The Low Incomes Tax Reform Group (LITRG) has urged the government to raise the High Income Child Benefit Charge (HICBC) threshold to avoid it affecting basic-rate taxpayers for the first time in April 2021.  The £50,000 threshold for the HICBC has remained static since 2010.

The LITRG stated that this goes against the original policy intent, and is “likely to cause the government additional difficulties in raising awareness about the charge among those who do not consider themselves on a high income”.

Tom Henderson, Technical Officer at the LITRG, said:

 ‘When the HICBC was announced in 2010, the government’s policy intent was that it would only affect higher-rate taxpayers from January 2013. For the 2012/13 tax year, the higher-rate threshold – the point at which an individual is liable to the higher rate of tax – was £42,475. Since then, the higher-rate threshold has risen broadly in line with inflation but the £50,000 threshold for the HICBC has remained static.

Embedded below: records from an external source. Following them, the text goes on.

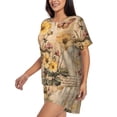 thumbnail image 4 of Vsdgher Vintage Floral Butterfly Collage Pattern Womens Pajamas 2 Piece Short Sleeve Sleepwear Set,Summer Soft Pajamas Set Casual Lounge Sets, 2-Piece Pj -X-Large, 4 of 8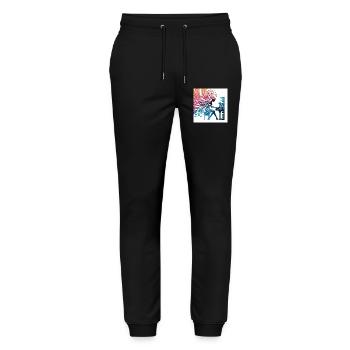 Frau am Klavier – Abstrakte Musikkunst - Stanley/Stella Unisex Bio Jogginghose Mover  - Schwarz - Vorne - Marisol (170cm) & Nik (191cm)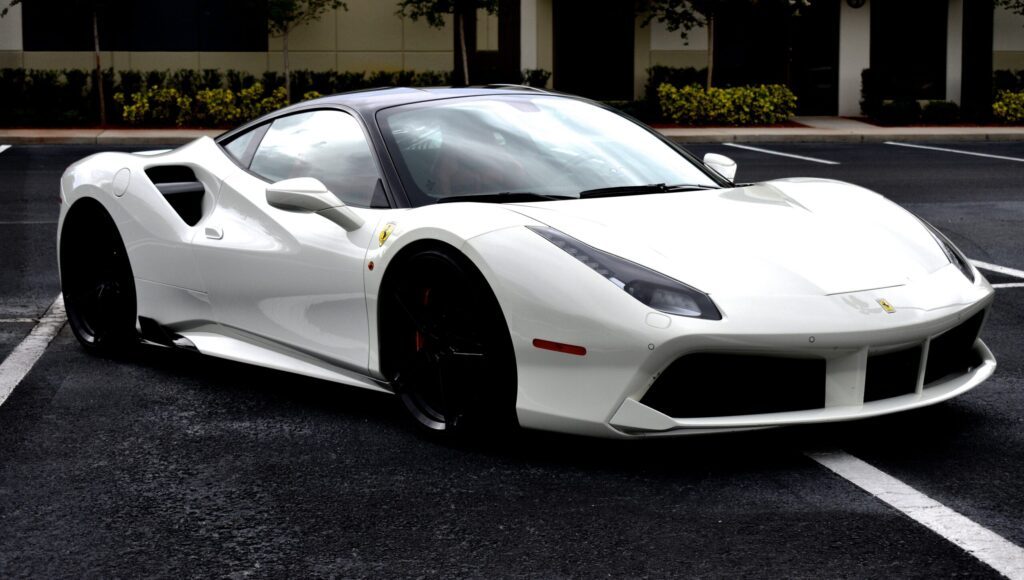 White Ferrari color change wrap in Orlando Florida by Wrap Royale luxury car wrap shop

‘The government has so far resisted calls to up-rate the £50,000 threshold, but this is no longer tenable now the higher-rate threshold will overtake it from 6 April 2021.’

In its Budget submission, the LITRG calls for the point at which child benefit is fully clawed back to increase from £60,000 to £75,000.


Who pays the charge?

You may have to pay the tax charge if you have an individual income of over £50,000 and either you or your partner get Child Benefit.  Whoever has the higher income is responsible for paying the charge.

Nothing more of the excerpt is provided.